Юнга по имени Опал остался в шлюпке, вооруженный острогой для защиты от всевозможных нелепых случайностей, что так часто подстерегают посудины, стоящие без присмотра в бухте Обманной. К большому неудовольствию паренька, Кеннит в приказном порядке взял с собой на остров Ганкиса, оставив юнгу одного на берегу. Когда Кеннит оглянулся в последний раз, мальчишка сидел, нахохлившись, как на насесте, на банке вытащенного на песок суденышка. Бедняга Опал все вертел головой, почти с одинаковым страхом косясь то на заросшие лесом утесы наверху, то на воду — туда, где покачивалась «Мариетта». Отлив стремился увлечь корабль с потоком воды в открытое море, и якорные цепи туго натягивались.

Опасности, подстерегавшие моряков на этом острове, давно стали легендой. И дело было даже не в том, что на подходе к этой якобы лучшей на всем острове якорной стоянке вполне можно было разбиться. И обычные для этих мест странные происшествия с моряками были, в сущности, ни при чем.

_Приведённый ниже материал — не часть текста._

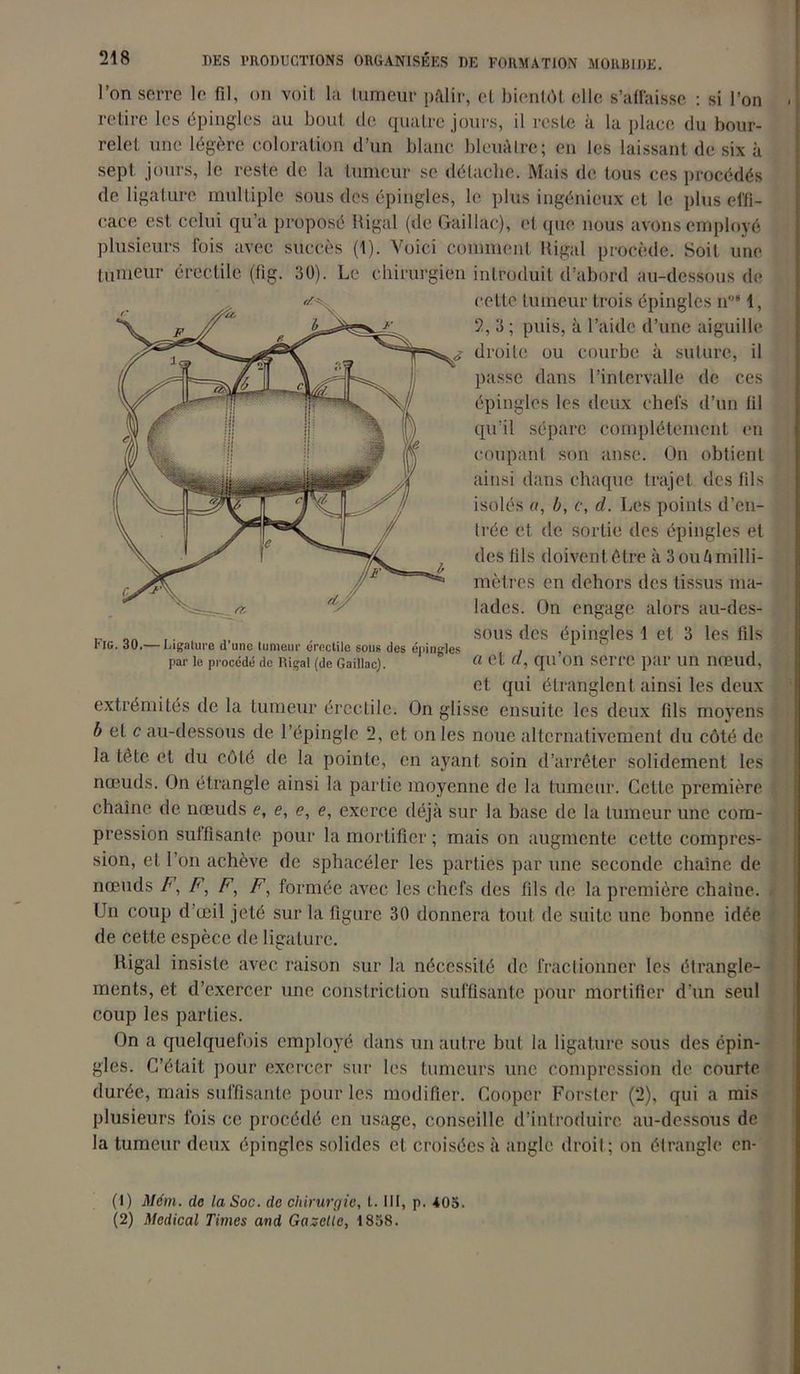 l’on serre le fil, on voit la tumeur pâlir, et bientôt elle s’affaisse : si l’on . retire les épingles au bout cle quatre jours, il reste à la place du bour- relet une légère coloration d’un blanc bleuâtre; en les laissant de six à sept jours, le reste de la tumeur se détache. Mais de tous ces procédés de ligature multiple sous des épingles, le plus ingénieux et le plus effi- cace est celui qu’a proposé Rigal (de Gaillac), et que nous avons employé plusieurs fois avec succès (î). Voici comment ltigal procède. Soit une tumeur érectile (fig. 30). Le chirurgien introduit d’abord au-dessous de cette tumeur trois épingles n'” 1, 2, 3 ; puis, à l’aide d’une aiguille droite ou courbe à suture, il passe dans l’intervalle de ces épingles les deux chefs d’un fil qu’il sépare complètement en coupant son anse. On obtient ainsi dans chaque trajet des fils isolés «, b, c, d. Les points d’en- trée et de sortie des épingles et des fils doivent être à 3 ou h milli- mètres en dehors des tissus ma- lades. On engage alors au-des- sous des épingles \ et 3 les fds par le procédé de Rigal (de Gaillac). a Cl qii 011 SeiTC- par Un nœud, et qui étranglent ainsi les deux extrémités de la tumeur érectile. On glisse ensuite les deux fils moyens b ei c au-dessous de l’épingle 2, et on les noue alternativement du côté de 1* fC Ad —— I .irrnlltl'n rl’linn limumii nnnnltln .1 1 la tête et du côté de la pointe, en ayant soin d’arrêter solidement les nœuds. On étrangle ainsi la partie moyenne de la tumeur. Cette première chaîne de nœuds e, e, e, e, exerce déjà sur la base de la tumeur une com- pression suffisante pour la mortifier ; mais on augmente cette compres- sion, et l’on achève de sphacéler les parties par une seconde chaîne de nœuds F, F, F, F, formée avec les chefs des fils de la première chaîne. Un coup d œil jeté sur la figure 30 donnera tout de suite une bonne idée de cette espèce de ligature. Rigal insiste avec raison sur la nécessité de fractionner les étrangle- ments, et d’exercer une constriction suffisante pour mortifier d’un seul coup les parties. On a quelquefois employé dans un autre but la ligature sous des épin- gles. C’était pour exercer sur les tumeurs une compression de courte, durée, mais suffisante pour les modifier. Cooper Forster (2), qui a mis plusieurs fois ce procédé en usage, conseille d’introduire au-dessous de la tumeur deux épingles solides et croisées à angle droit; on étrangle cn- (1) Mém. de la Soc. de chirurgie, t. III, p. 405. (2) Medical Times and Gazelle, 1858.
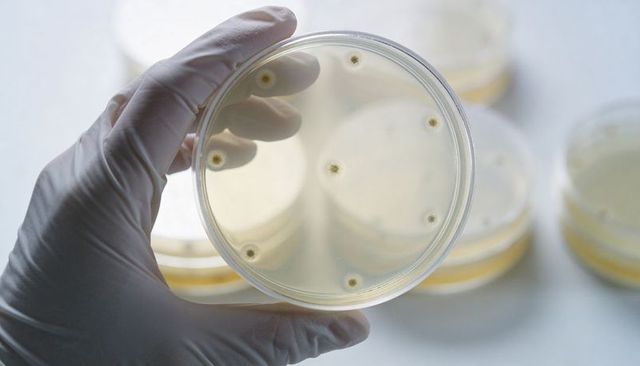 Gloved Hand Holding Petri Dish Showing Bacterial Colonies on Agar in Microbiology Lab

Просто весь остров был, словно облаком, окутан эманациями странной магии Других. Кеннит явственно ощущал ее прикосновения, пока они с Ганкисом пробирались по тропинке из Обманной бухты сюда, на Берег Сокровищ. Да и сама тропинка, правду сказать, была весьма странной. Люди по ней очень редко ходили — и тем не менее черная галька, которой она была усыпана, чудесным образом оставалась свободна и от опавшей листвы, и от всепроникающих побегов растений. А по сторонам ее шел форменный дождь: листья, щедро вымоченные ночным ливнем, роняли влагу в заросли папоротника, и без того уже унизанные хрустальными бусами. Воздух был прохладен и напоен жизнью. Яркие цветы оживляли тенистый сумрак подлеска… ни один цветок, кстати, не рос ближе чем на человеческий рост от тропинки. Их свежий аромат разносился в утреннем воздухе, как бы приглашая людей позабыть о своей цели и отправиться исследовать дивный лесной мир… Стволы деревьев были унизаны оранжевыми грибами. Они вызвали у Кеннита гораздо меньше симпатии. Удивительная яркость их раскраски наводила на мысль о проголодавшихся паразитах. А вот паутина, усеянная, как и папоротники, сияющими бусинками влаги… Она висела над самой тропинкой, и людям пришлось низко нагнуться, чтобы под ней пройти. Паук, сидевший у края своих тенет, был оранжевым, как и грибы, и величиной едва ли не с кулачок ребенка. В паутине запуталась древесная лягушка, она отчаянно пыталась высвободиться, но паук интереса к своей добыче не проявлял.